Now I would like to give you a sense of where the GPI is coming from, a sense of the ideas which underpin its work, by talking a little about its founder, John La Rose.He was an elder statesman of Britain’s black communities. Born in Arima, Trinidad in 1927 he migrated to Britain in 1961 and died in February 2006, aged 78. In the obituary I wrote for the Guardian newspaper, I asserted that, ‘Like Marcus Garvey, CLR James, George Padmore.. and Franz Fanon, La Rose belongs to a Caribbean tradition of radical and revolutionary activism whose input has reverberated across continents’. I also said of John that he was my mentor, friend and comrade, ‘the most remarkable person I have ever met’. He was a poet, essayist, publisher, filmmaker, trade unionist, cultural and political activist.

One of John La Rose’s favourite saying was ‘we did not come alive in Britain’ alluding to the fact that Caribbean people in Britain had brought with them a tradition of struggle against colonialism. In the 1940s he helped to found the Workers Freedom Movement in Trinidad and edited their journal, ‘Freedom’.

He was an executive member of the Federated Workers Trade Union, later merged into the National Union of Government and Federated Workers. He became the General Secretary of the West Indian Independence Party and contested a seat in the 1956 General election for the party after being banned from other West Indian islands by the British colonial authorities. He was also involved in the internal struggle of the Oilfield Workers Trade Union, siding with the ‘rebel’ faction who prevailed in the 1962 union election. John La Rose became the European representative of the union, a position he held until his death.

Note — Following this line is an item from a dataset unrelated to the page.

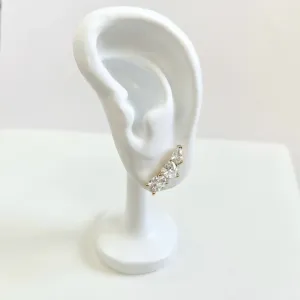 BRINCO EAR CUFF PEDRAS DE ZIRCONIA FORMATO OVAL / CORAÇÃO / GOTA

Soon after he arrived in Britain in 1961 he became politically and culturally engaged. In 1966, together with Sarah White, he founded New Beacon Books, the first Caribbean publishing house, bookshop and international book service. His vision for New Beacon, named after the Beacon magazine of his youth in Trinidad, was clear and clearly stated in their catalogue: “Growing up in a colonial society made John La Rose acutely aware that colonial policy was based on a deliberate withholding of information from the population. There was also a discontinuity of information from generation to generation. Publishing therefore, was a vehicle to give an independent validation to one’s own culture, history, politics – a sense of self- and to make a break with the discontinuity”.

In the same year, 1966, together with the Jamaican writer and broadcaster, Andrew Salkey and the Barbadian poet and historian, Kamau Brathwaite, he co-founded the Caribbean Artist Movement, providing a platform for Caribbean artists, poets, writers, dramatists, actors, musicians and critics. In her book, ‘The Caribbean Artists Movement: A Literary and Cultural History’, Anne Walmsley writes, “They sought to discover their own aesthetic and chart new directions for their arts and culture; to become acquainted with their history; to rehabilitate their Amerindian inheritance and to reinstate their African roots; to re-establish links with the ‘folk’ through incorporating the people’s language and musical rhythms in Caribbean literature; to reassert their own tradition in the face of a dominant tradition.”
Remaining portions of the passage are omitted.